# ABOUT THIS EXERCISE:
In the data below, find the line containing "自律神経失調症の最新治療" and the line containing "Manuale di riferimento", then reproduce them and every line between, exactly. Omit pictures.

# SUPPLIED RECORDS:
+--
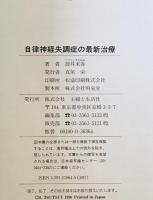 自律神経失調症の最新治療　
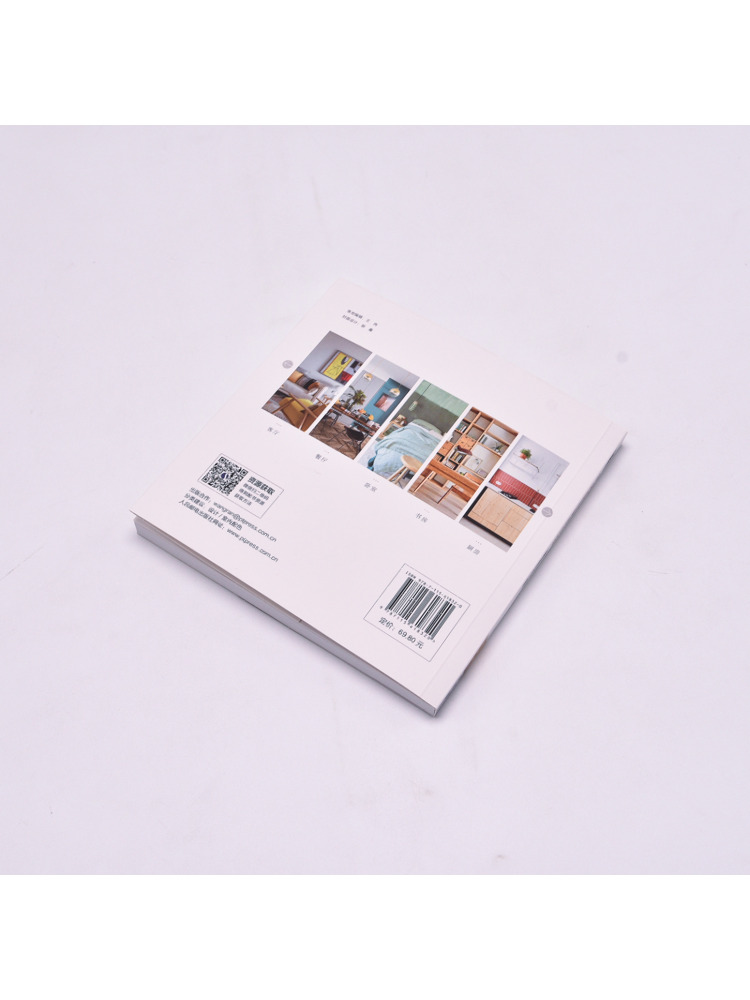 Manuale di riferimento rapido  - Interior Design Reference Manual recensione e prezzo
+--
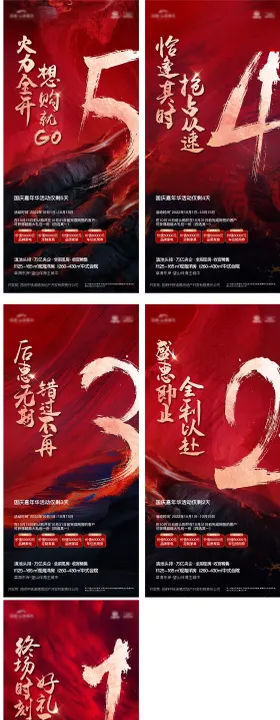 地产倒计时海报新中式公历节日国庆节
+--
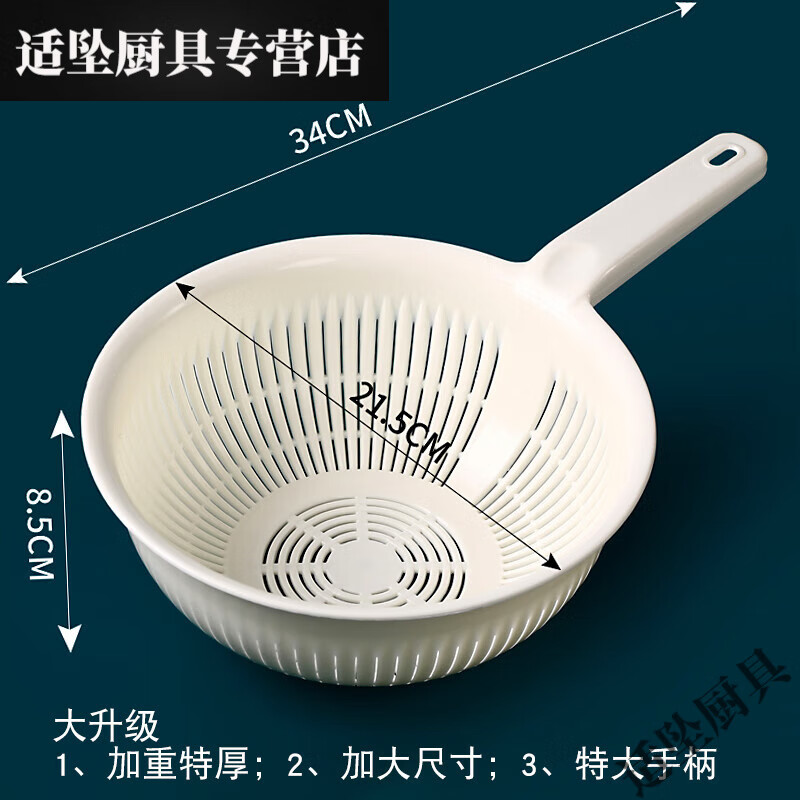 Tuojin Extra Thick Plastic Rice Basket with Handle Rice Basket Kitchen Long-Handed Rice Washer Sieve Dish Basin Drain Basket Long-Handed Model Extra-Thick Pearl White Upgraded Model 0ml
+--
# EXERCISE SOLUTION:
 自律神経失調症の最新治療　
 Manuale di riferimento rapido  - Interior Design Reference Manual recensione e prezzo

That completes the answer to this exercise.